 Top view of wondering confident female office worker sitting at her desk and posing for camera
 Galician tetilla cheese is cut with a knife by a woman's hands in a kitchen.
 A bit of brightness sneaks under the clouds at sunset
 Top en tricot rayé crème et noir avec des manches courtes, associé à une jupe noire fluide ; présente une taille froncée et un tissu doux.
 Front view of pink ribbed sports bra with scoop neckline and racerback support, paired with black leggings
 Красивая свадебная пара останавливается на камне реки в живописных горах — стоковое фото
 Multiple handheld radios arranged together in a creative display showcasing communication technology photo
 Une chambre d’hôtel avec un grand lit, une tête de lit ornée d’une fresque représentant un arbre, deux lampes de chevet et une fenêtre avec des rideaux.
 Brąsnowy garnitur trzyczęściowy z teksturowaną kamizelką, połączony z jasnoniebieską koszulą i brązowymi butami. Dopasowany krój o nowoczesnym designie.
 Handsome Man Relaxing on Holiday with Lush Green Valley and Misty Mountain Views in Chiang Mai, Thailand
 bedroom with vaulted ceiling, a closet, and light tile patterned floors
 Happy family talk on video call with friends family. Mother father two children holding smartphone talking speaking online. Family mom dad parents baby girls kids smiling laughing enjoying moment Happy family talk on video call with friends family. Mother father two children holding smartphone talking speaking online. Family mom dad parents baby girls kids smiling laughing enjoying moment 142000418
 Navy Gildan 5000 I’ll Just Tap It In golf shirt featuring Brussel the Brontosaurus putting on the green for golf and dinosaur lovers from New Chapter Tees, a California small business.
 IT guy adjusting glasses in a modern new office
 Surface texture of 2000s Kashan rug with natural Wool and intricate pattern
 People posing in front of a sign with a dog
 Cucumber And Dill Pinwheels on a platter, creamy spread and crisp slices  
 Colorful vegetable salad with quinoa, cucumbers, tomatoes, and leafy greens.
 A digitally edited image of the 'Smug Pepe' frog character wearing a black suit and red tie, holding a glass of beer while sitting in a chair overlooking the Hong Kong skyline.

******************************

* _Requirement_: Set down the entries again exactly as they are.

* _Result below_:
 Top view of wondering confident female office worker sitting at her desk and posing for camera
 Galician tetilla cheese is cut with a knife by a woman's hands in a kitchen.
 A bit of brightness sneaks under the clouds at sunset
 Top en tricot rayé crème et noir avec des manches courtes, associé à une jupe noire fluide ; présente une taille froncée et un tissu doux.
 Front view of pink ribbed sports bra with scoop neckline and racerback support, paired with black leggings
 Красивая свадебная пара останавливается на камне реки в живописных горах — стоковое фото
 Multiple handheld radios arranged together in a creative display showcasing communication technology photo
 Une chambre d’hôtel avec un grand lit, une tête de lit ornée d’une fresque représentant un arbre, deux lampes de chevet et une fenêtre avec des rideaux.
 Brąsnowy garnitur trzyczęściowy z teksturowaną kamizelką, połączony z jasnoniebieską koszulą i brązowymi butami. Dopasowany krój o nowoczesnym designie.
 Handsome Man Relaxing on Holiday with Lush Green Valley and Misty Mountain Views in Chiang Mai, Thailand
 bedroom with vaulted ceiling, a closet, and light tile patterned floors
 Happy family talk on video call with friends family. Mother father two children holding smartphone talking speaking online. Family mom dad parents baby girls kids smiling laughing enjoying moment Happy family talk on video call with friends family. Mother father two children holding smartphone talking speaking online. Family mom dad parents baby girls kids smiling laughing enjoying moment 142000418
 Navy Gildan 5000 I’ll Just Tap It In golf shirt featuring Brussel the Brontosaurus putting on the green for golf and dinosaur lovers from New Chapter Tees, a California small business.
 IT guy adjusting glasses in a modern new office
 Surface texture of 2000s Kashan rug with natural Wool and intricate pattern
 People posing in front of a sign with a dog
 Cucumber And Dill Pinwheels on a platter, creamy spread and crisp slices  
 Colorful vegetable salad with quinoa, cucumbers, tomatoes, and leafy greens.
 A digitally edited image of the 'Smug Pepe' frog character wearing a black suit and red tie, holding a glass of beer while sitting in a chair overlooking the Hong Kong skyline.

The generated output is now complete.